Starting from the line in which "Clothing-Loro Piana Code: MC8463 $: 85USD" appears, output every line down to the last line of the data below, exactly and without anything more.

Provided records ▸
*** Block opens ***
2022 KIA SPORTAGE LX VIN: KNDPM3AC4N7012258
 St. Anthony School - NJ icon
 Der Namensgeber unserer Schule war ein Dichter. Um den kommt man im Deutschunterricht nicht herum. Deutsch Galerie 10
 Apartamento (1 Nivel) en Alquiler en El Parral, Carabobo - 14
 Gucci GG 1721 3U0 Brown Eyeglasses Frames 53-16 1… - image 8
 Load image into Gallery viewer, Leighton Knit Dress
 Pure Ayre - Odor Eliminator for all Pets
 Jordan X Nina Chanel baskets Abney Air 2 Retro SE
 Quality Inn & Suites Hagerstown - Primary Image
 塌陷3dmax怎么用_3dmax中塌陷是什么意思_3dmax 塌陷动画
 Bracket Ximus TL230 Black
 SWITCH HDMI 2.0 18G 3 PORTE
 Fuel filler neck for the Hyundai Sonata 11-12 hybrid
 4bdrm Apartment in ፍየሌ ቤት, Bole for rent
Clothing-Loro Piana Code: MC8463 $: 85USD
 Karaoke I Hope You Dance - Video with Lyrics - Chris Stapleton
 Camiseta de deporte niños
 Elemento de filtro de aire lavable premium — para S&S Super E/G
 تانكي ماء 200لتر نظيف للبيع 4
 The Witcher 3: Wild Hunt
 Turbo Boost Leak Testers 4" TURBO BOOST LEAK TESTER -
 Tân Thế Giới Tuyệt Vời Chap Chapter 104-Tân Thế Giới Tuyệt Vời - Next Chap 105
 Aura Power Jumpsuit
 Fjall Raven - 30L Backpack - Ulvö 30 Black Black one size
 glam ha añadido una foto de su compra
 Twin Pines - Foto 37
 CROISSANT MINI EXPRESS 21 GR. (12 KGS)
*** Block closes ***
Response to this task ▸
Clothing-Loro Piana Code: MC8463 $: 85USD
 Karaoke I Hope You Dance - Video with Lyrics - Chris Stapleton
 Camiseta de deporte niños
 Elemento de filtro de aire lavable premium — para S&S Super E/G
 تانكي ماء 200لتر نظيف للبيع 4
 The Witcher 3: Wild Hunt
 Turbo Boost Leak Testers 4" TURBO BOOST LEAK TESTER -
 Tân Thế Giới Tuyệt Vời Chap Chapter 104-Tân Thế Giới Tuyệt Vời - Next Chap 105
 Aura Power Jumpsuit
 Fjall Raven - 30L Backpack - Ulvö 30 Black Black one size
 glam ha añadido una foto de su compra
 Twin Pines - Foto 37
 CROISSANT MINI EXPRESS 21 GR. (12 KGS)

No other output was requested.